And what I also noticed was his expensive marble fireplace. And this is someone who, you know, is an academic. And the first generation, like his father, were the military commanders, the second generation have become like a mafia. And in fact, the Revolutionary Guards are the mafia that are running Iran right now.
BURNETT: It's funny, I remember when we were in Tehran for presidential election in a neighborhood that was full of Revolutionary Guard families, the nice restaurants, there was a Zenia Thai store. Even in the midst of sanctions, right? There was a Mercedes dealer or selling Mercedes.

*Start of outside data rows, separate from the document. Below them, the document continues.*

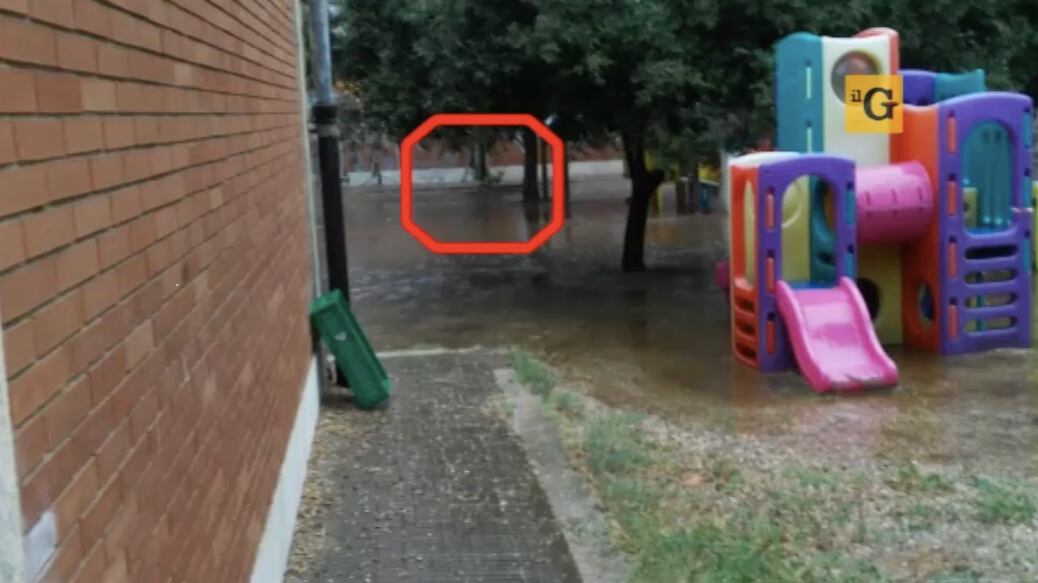 Roma, bimbi della materna 'ostaggio' di un branco di volpi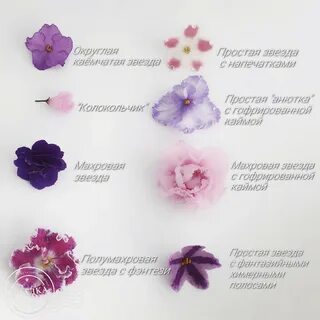 Какая форма цветка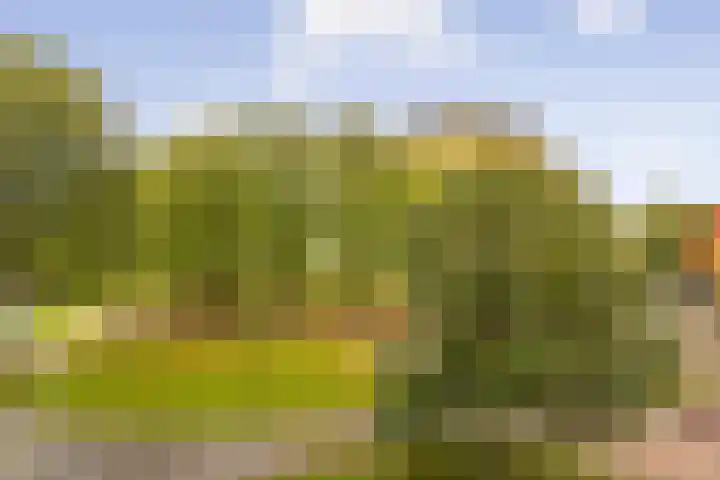 Oeverpad 566 Amsterdam thumbnail 29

So, I'm curious though, you know, he said they're willing to sacrifice their lives for their homeland. And then he said they think they have the upper hand. Now that's actually harkening back to what you said a moment ago, that that is the public posturing, but that it also seems to be very much how they -- what they what they truly believe and how they see this right now.
SADJADPOUR: I think that's right, because they really had one mission and that was regime survival. And I think here there's a strong possibility that they are going to overplay their hand, meaning they're going to say, we now control the Strait of Hormuz. We're not going to give up our nuclear ambitions. We're not going to give up our missile ambitions. And if President Trump thinks this is going to be a quick real estate transaction, I think that's wrong.

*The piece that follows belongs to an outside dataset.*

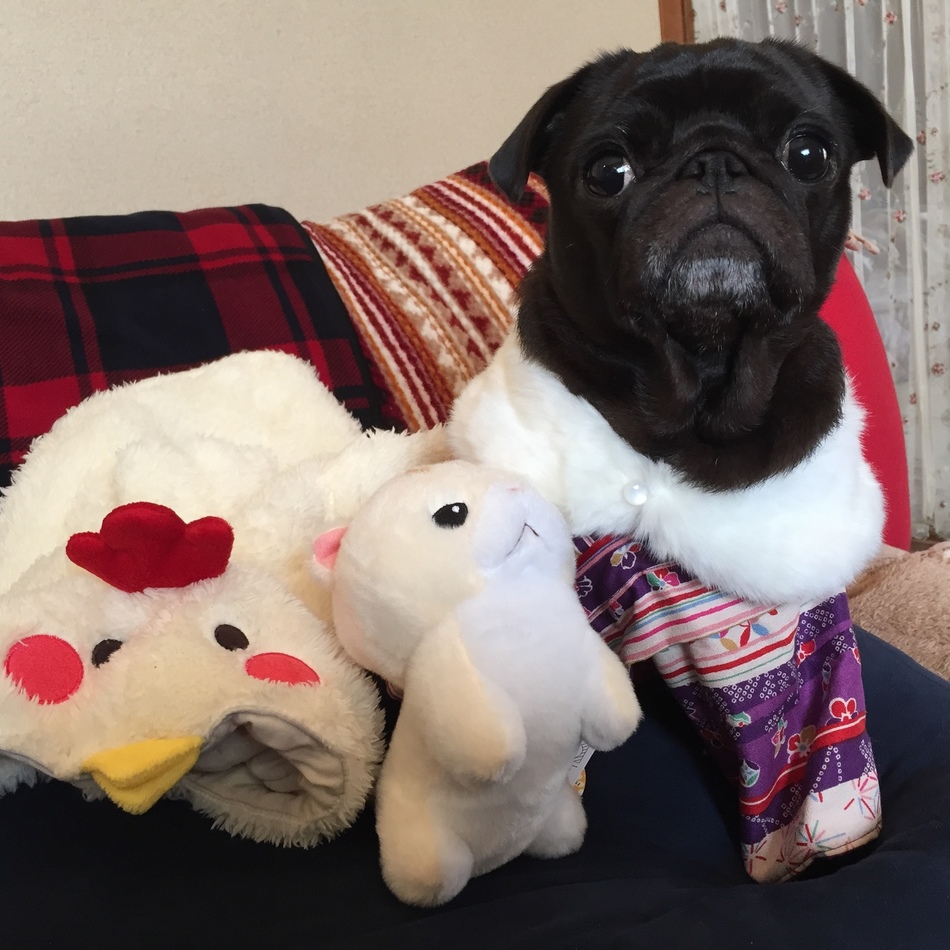 寺西オハナのカバー写真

BURNETT: One final thing. He was very terse with his answer about the supreme leader. I thought that was interesting, right? He didn't -- he didn't move to say, yes, he's in charge. He -- he didn't want to answer it at all.
SADJADPOUR: I think if Mojtaba Khamenei is alive, I'm told that he is. Theres probably very few people who are in contact with him.
[19:30:02]
And I was told even by someone recently that their negotiations that they happen about whether or not to negotiate with the United States happened inside the Tehran metro.
BURNETT: Inside the Tehran metro?
SADJADPOUR: Yes.
BURNETT: Where they had those conversations.
SADJADPOUR: Yeah. Deep underground.
BURNETT: All right. Thank you very much, Karim Sadjadpour.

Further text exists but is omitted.